Promptly we got back over to the house and I jumped in the shower. It's been probably damn near twenty years and there has yet to be anything I've encountered that rivals that unholy stench.

Monday, September 26, 2011

Line 'O the day - July 9, 2008

The balance between being accommodating and being assertive is nearly impossible to maintain.
Or
Nice guys finish last because it’s a sacrifice they’re willing to make for the sake of others.


Present day note:
My best friend half hates me because of this aspect of my personality.

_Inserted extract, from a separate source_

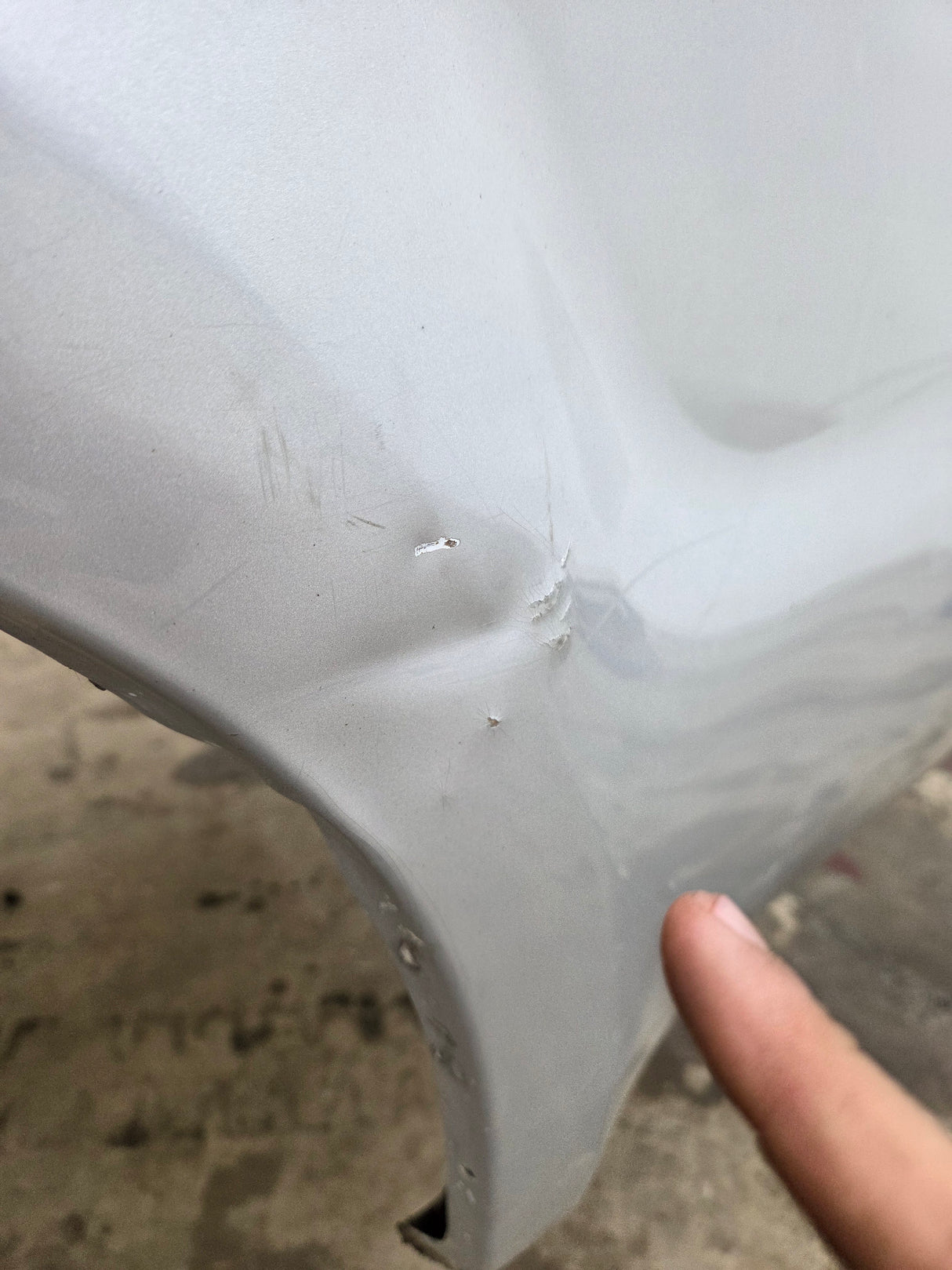 1999-2010 Ford Super Duty F250 F350 6' 9" Short Truck Bed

Tuesday, September 20, 2011

Line 'O the day - July 4, 2008

I don’t believe in God, because I don’t give a shit if anyone believes in me. And if, as they say, I am made in God’s likeness then my thoughts are akin to his, and he probably don’t give a rat’s ass if I believe in him or not.


Present day note:
Contradictions and half truths abound in this Line. At first I say I don't believe in God, but then sorta allow God the ability to not give a shit. Also I say I don't give a shit if others believe in me. That's kind of true. I'd prefer people like me, and wouldn't mind if a few folk on this Earth cared about me, but if they'd rather not buy stock in Zeb that's not a big issue.

Tuesday, September 13, 2011

Line 'O the day - June 21, 2008

I regret an ungodly number of instances and aspects of my existence, but when I look at the whole I don’t think I could feel better about it.


Present day note:
Hindsight may be 20/20, but it is also informative as a motherfucker. If you really take the time to learn from the past.